Just wondering if anyone will be heading to the season kickoff race, the Rolex 24 HR at Daytona International Speedway at the end of the month. BMW's First Coast Chapter is having a car corral and special ticket price. I do not want to be the only D there! 

Below is the link with all of the details .....

http://www.daytonainternationalspeedway.com/Vanity-Pages/2011/Rolex-24-Car-Corral.aspx


----------



## Flyingman (Sep 13, 2009)

Joe,

I'd give it consideration. What is the basic plan? Where to stay? etc...

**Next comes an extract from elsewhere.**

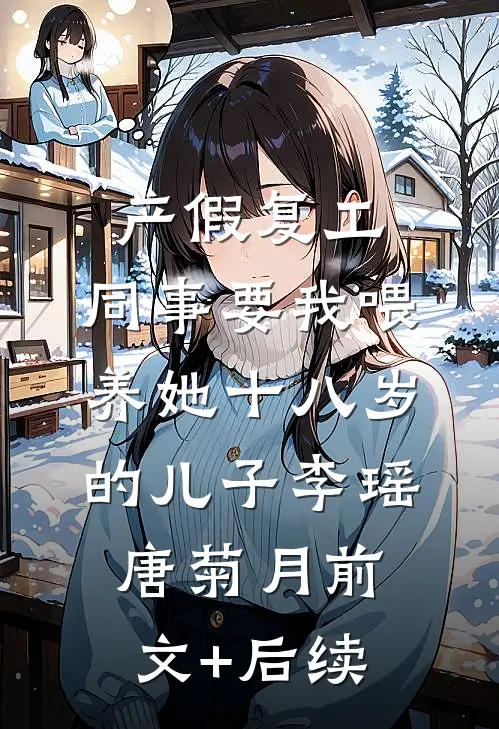 产假复工，同事要我喂养她十八岁的儿子李瑶唐菊月前文+后续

I haven't been to a car race since F-1 in Sao Paulo in 2005 or so.


----------



## dunderhi (Dec 10, 2006)

Forida in January sounds kind of nice right now. I'll give it a thought.


----------



## joeincs (Sep 15, 2009)

Flyingman said:


> Joe,
> 
> I'd give it consideration. What is the basic plan? Where to stay? etc...
> 
> I haven't been to a car race since F-1 in Sao Paulo in 2005 or so.


Well I stay with my sister so I do not know what hotels to recommend. I thought it would be nice to park all the d's together.


----------



## Flyingman (Sep 13, 2009)

Yep, have visitors coming in that weekend, so forget that one.

Thanks, hope you do make it and enjoy.:thumbup:


----------



## Shorestyle031 (Jan 14, 2011)

Im going to be there. I hope more people show up as well. I started a thread on Bimmerpost as well.
http://www.m3post.com/forums/showthread.php?t=475181


----------